=== DATA ===

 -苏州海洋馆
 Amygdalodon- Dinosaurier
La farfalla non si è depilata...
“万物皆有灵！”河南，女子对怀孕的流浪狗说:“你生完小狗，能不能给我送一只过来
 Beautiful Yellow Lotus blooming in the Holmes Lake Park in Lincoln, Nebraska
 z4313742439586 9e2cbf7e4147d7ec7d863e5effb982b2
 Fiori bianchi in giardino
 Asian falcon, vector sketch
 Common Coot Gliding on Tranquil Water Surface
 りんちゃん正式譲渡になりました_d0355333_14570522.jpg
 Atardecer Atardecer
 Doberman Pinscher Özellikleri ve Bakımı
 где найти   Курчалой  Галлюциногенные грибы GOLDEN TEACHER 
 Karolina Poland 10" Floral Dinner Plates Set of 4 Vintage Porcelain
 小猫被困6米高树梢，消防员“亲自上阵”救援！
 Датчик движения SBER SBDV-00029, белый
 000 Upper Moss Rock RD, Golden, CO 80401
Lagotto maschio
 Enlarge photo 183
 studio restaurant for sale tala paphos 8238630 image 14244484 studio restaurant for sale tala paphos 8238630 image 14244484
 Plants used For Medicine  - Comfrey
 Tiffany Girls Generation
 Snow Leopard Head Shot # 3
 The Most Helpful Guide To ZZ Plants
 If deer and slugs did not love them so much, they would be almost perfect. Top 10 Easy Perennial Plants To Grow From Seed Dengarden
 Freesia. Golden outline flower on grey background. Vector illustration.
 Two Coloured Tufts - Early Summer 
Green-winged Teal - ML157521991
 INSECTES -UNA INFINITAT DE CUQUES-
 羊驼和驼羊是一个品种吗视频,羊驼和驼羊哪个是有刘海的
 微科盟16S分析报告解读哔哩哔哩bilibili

===

| TASK TO CARRY OUT |
Transcribe every record. Match each line exactly.

| RESPONSE |
 -苏州海洋馆
 Amygdalodon- Dinosaurier
La farfalla non si è depilata...
“万物皆有灵！”河南，女子对怀孕的流浪狗说:“你生完小狗，能不能给我送一只过来
 Beautiful Yellow Lotus blooming in the Holmes Lake Park in Lincoln, Nebraska
 z4313742439586 9e2cbf7e4147d7ec7d863e5effb982b2
 Fiori bianchi in giardino
 Asian falcon, vector sketch
 Common Coot Gliding on Tranquil Water Surface
 りんちゃん正式譲渡になりました_d0355333_14570522.jpg
 Atardecer Atardecer
 Doberman Pinscher Özellikleri ve Bakımı
 где найти   Курчалой  Галлюциногенные грибы GOLDEN TEACHER 
 Karolina Poland 10" Floral Dinner Plates Set of 4 Vintage Porcelain
 小猫被困6米高树梢，消防员“亲自上阵”救援！
 Датчик движения SBER SBDV-00029, белый
 000 Upper Moss Rock RD, Golden, CO 80401
Lagotto maschio
 Enlarge photo 183
 studio restaurant for sale tala paphos 8238630 image 14244484 studio restaurant for sale tala paphos 8238630 image 14244484
 Plants used For Medicine  - Comfrey
 Tiffany Girls Generation
 Snow Leopard Head Shot # 3
 The Most Helpful Guide To ZZ Plants
 If deer and slugs did not love them so much, they would be almost perfect. Top 10 Easy Perennial Plants To Grow From Seed Dengarden
 Freesia. Golden outline flower on grey background. Vector illustration.
 Two Coloured Tufts - Early Summer 
Green-winged Teal - ML157521991
 INSECTES -UNA INFINITAT DE CUQUES-
 羊驼和驼羊是一个品种吗视频,羊驼和驼羊哪个是有刘海的
 微科盟16S分析报告解读哔哩哔哩bilibili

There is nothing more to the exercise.